How to solve it? I first expect exactly 0 nodes to be unhealthy, so that an alarm is triggered when each node becomes unhealthy.

Persistent Volume

(PV) is a k8s resource object that represents a block of storage that can be attached and detached to pods in the system. The implementation of PVs is platform-specific, for example, if your Kubernetes deployment is based on AWS, the PVs will be represented by EBS volumes. Like every block storage, it has capacity and can be filled up by time.

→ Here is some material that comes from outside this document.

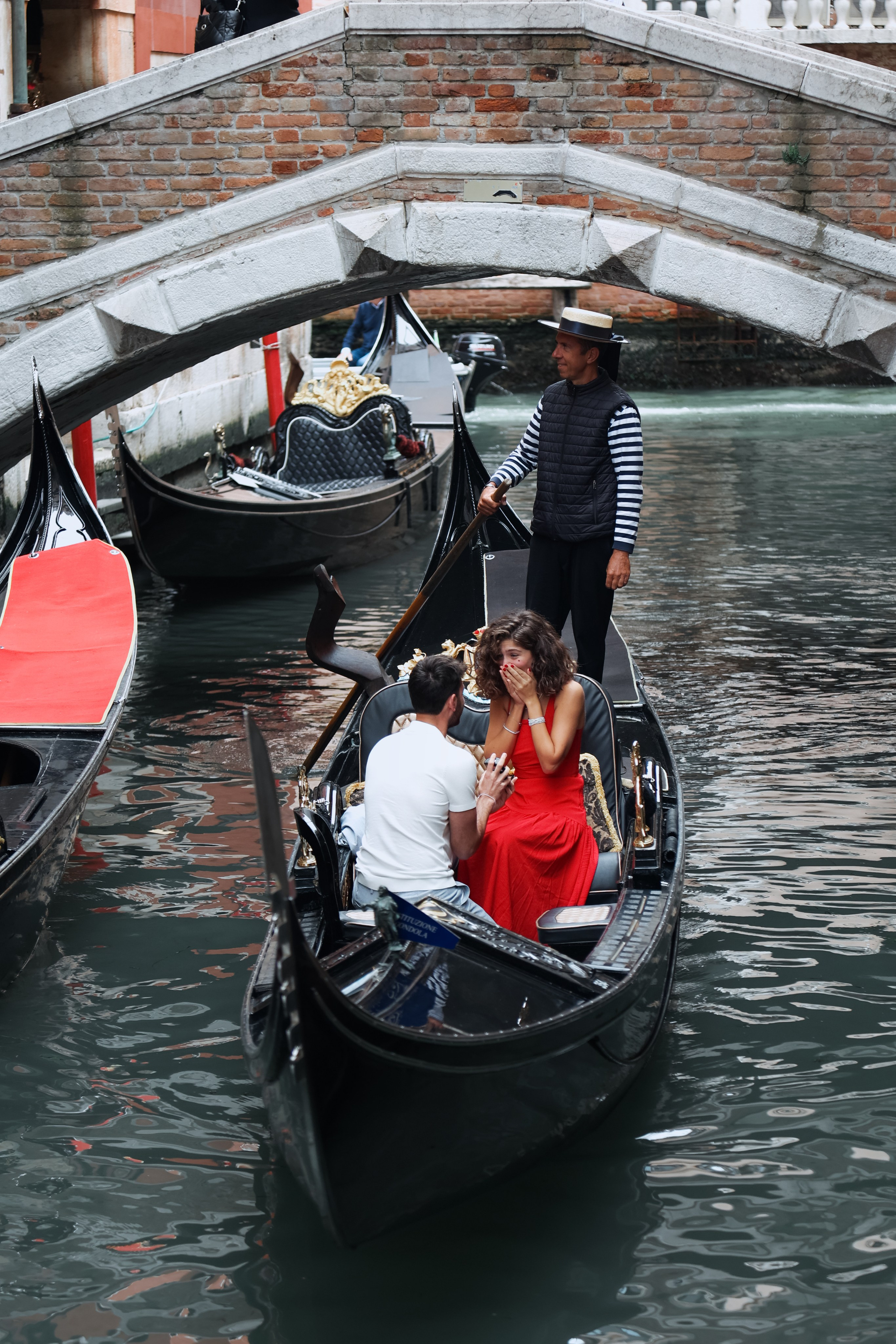 Surprise proposal on a Gondola Ride, Lola & Andy. Photographer in Venice, Viktoria Antonova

When a process uses a disk with no free space, it crashes because failures can manifest themselves in a million different ways, and stack traces don’t always lead to the root cause. In addition to protecting you from future failures, observing this metric can be used to plan workloads that record and add data over time. Prometheus is a great example of such a workload – when it writes data points to its time series database, the amount of free space in the disk decreases. Because Prometheus writes data at a very consistent rate, it’s easy to use PV utilization metrics to predict how long it will take to delete old data or buy more disk capacity.

How to solve such problems? The kubelet exposes PV usage and capacity, so a simple division between them should give you PV usage. Suggesting a reasonable alert threshold is a bit difficult because it really depends on the trajectory of the utilization graph, but as a rule of thumb, PV exhaustion should be predicted two to three weeks in advance.


you’ve already discovered, dealing with Kubernetes clusters is not an easy task. There are a large number of indicators available and require a lot of expertise to select the important ones.

Having a dashboard that monitors key metrics of your cluster can serve both as a preventive measure to avoid problems and as a tool to troubleshoot problems in your system.